===== SUPPLIED INFORMATION

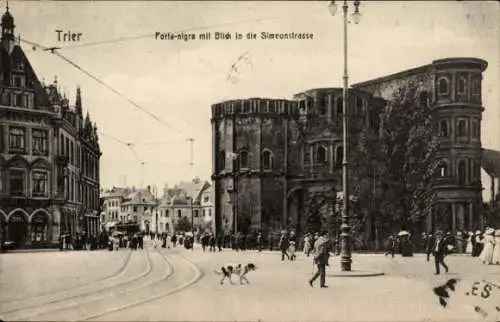 Ak Trier an der Mosel, Porta Nigra, Blick in die Simeonstraße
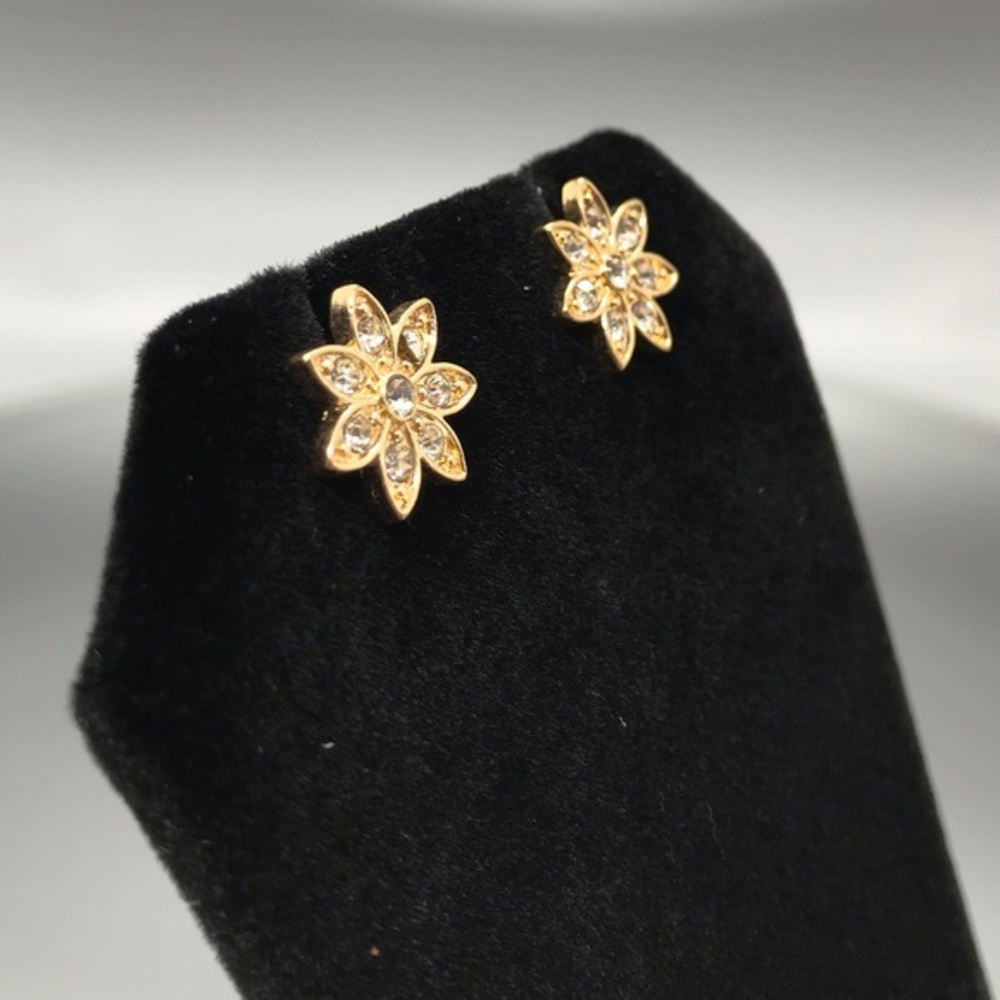Gorgeous Dainty Gold Tone Flower Earrings, EUC - Picture 3 of 8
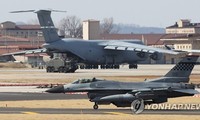 Chiến đấu cơ F-16 của Mỹ xuất hiện tại Hàn Quốc hồi cuối tháng 3. Ảnh: Yonhap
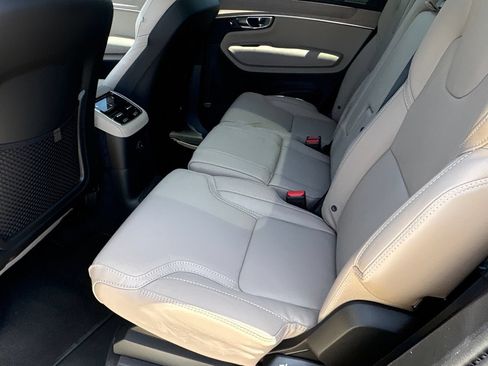 New 2026 Volvo XC90 T8 Ultra w/ Protection Package Premier AWD/4WD image 22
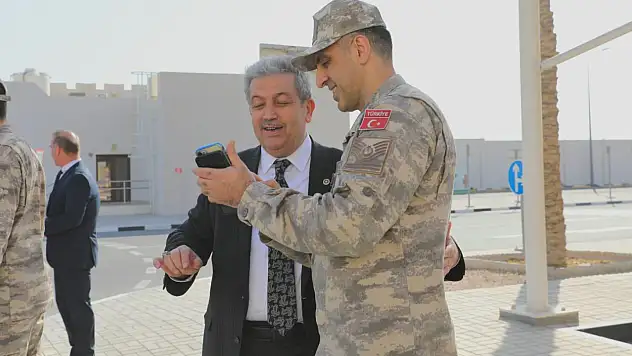 İki Kayserili Katar'da bir araya geldi! AK Partili Vekil bakın kiminle karşılaştı?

==========

= WORK INSTRUCTIONS =
Line by line, write out the records above exactly, skipping the pictures.

= ANSWER FOR THIS EXERCISE =
 Ak Trier an der Mosel, Porta Nigra, Blick in die Simeonstraße
Gorgeous Dainty Gold Tone Flower Earrings, EUC - Picture 3 of 8
 Chiến đấu cơ F-16 của Mỹ xuất hiện tại Hàn Quốc hồi cuối tháng 3. Ảnh: Yonhap
 New 2026 Volvo XC90 T8 Ultra w/ Protection Package Premier AWD/4WD image 22
 İki Kayserili Katar'da bir araya geldi! AK Partili Vekil bakın kiminle karşılaştı?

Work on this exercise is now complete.